Directions for this task » One exact copy of the listing is needed. It should contain no pictures.

Data supplied »
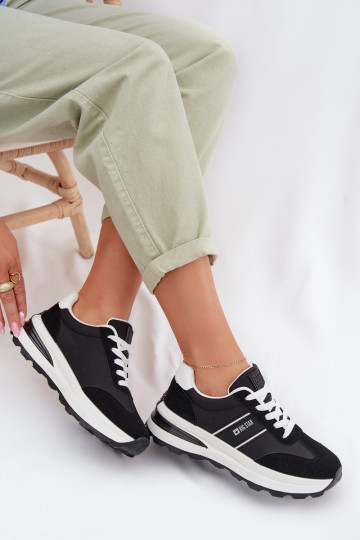 Sneakers Stilvollllschuhe Turnschuhe Feminin Big Star TT274877 HI-POLY SYSTEM schZuarze Farbe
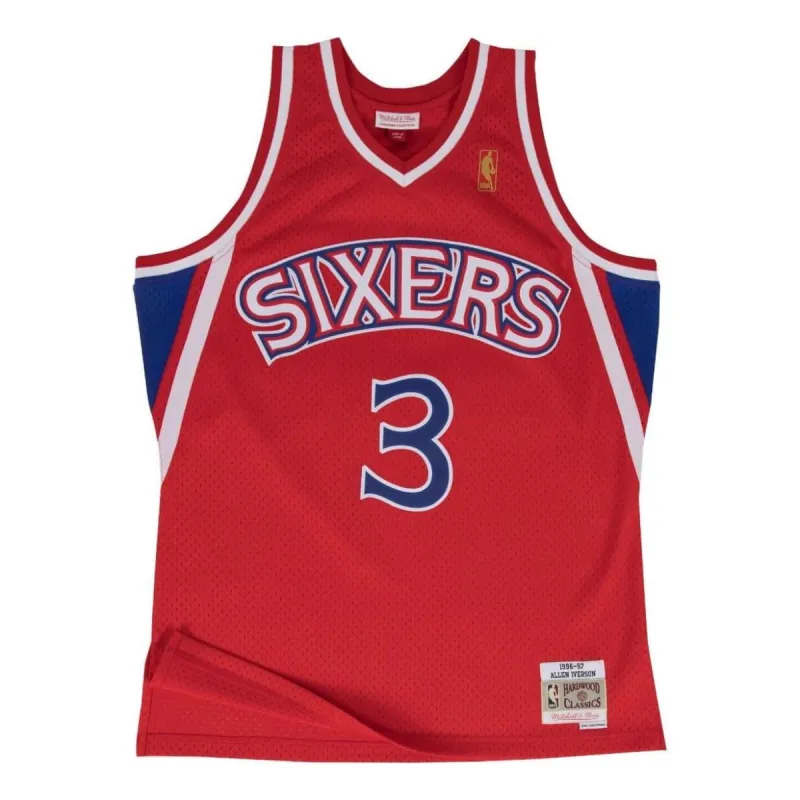 Mitchell & Ness NBA Swingman Jersey Philadelphia 76ers Road 1996-97 Allen Iverson 'Red' SMJYGS18199-P76SCAR96AIV sold by KicksCrew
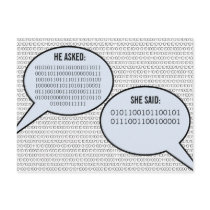 彼は言いました、彼女は日付Postca 2進符号の保存を言いました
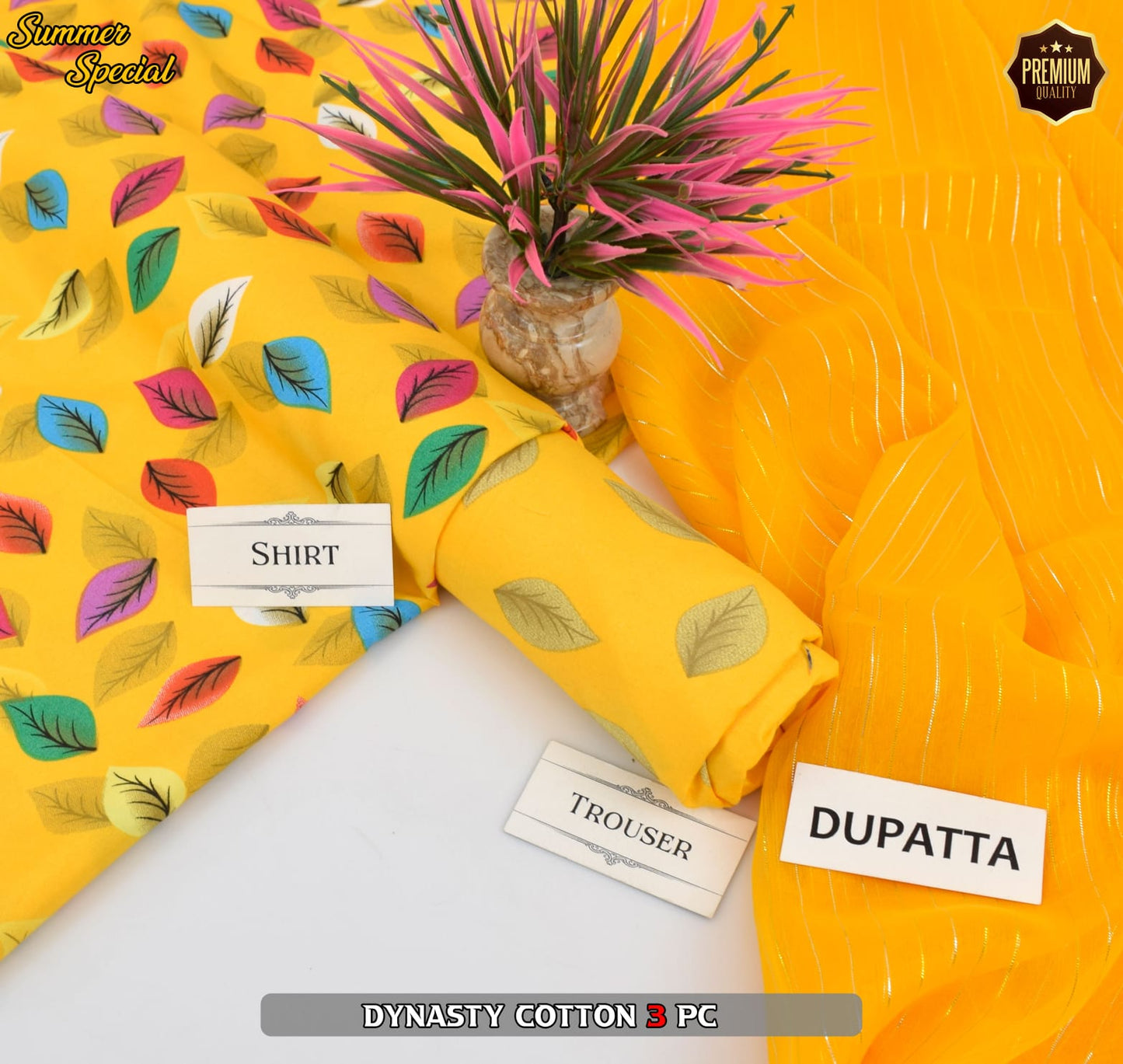 Premium Summer Cotton 3-Piece With Zari Pure Shifoon Dupatta And Digital Printed Trouser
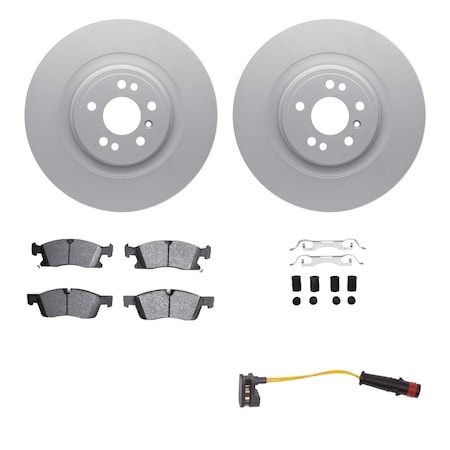 Dynamic Friction Co DFC GEOSPEC Coated Rotor- Heavy Duty Brake Pad includes Hardware and Sensor 4422-63002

Worked solution »
 Sneakers Stilvollllschuhe Turnschuhe Feminin Big Star TT274877 HI-POLY SYSTEM schZuarze Farbe
 Mitchell & Ness NBA Swingman Jersey Philadelphia 76ers Road 1996-97 Allen Iverson 'Red' SMJYGS18199-P76SCAR96AIV sold by KicksCrew
 彼は言いました、彼女は日付Postca 2進符号の保存を言いました
 Premium Summer Cotton 3-Piece With Zari Pure Shifoon Dupatta And Digital Printed Trouser
 Dynamic Friction Co DFC GEOSPEC Coated Rotor- Heavy Duty Brake Pad includes Hardware and Sensor 4422-63002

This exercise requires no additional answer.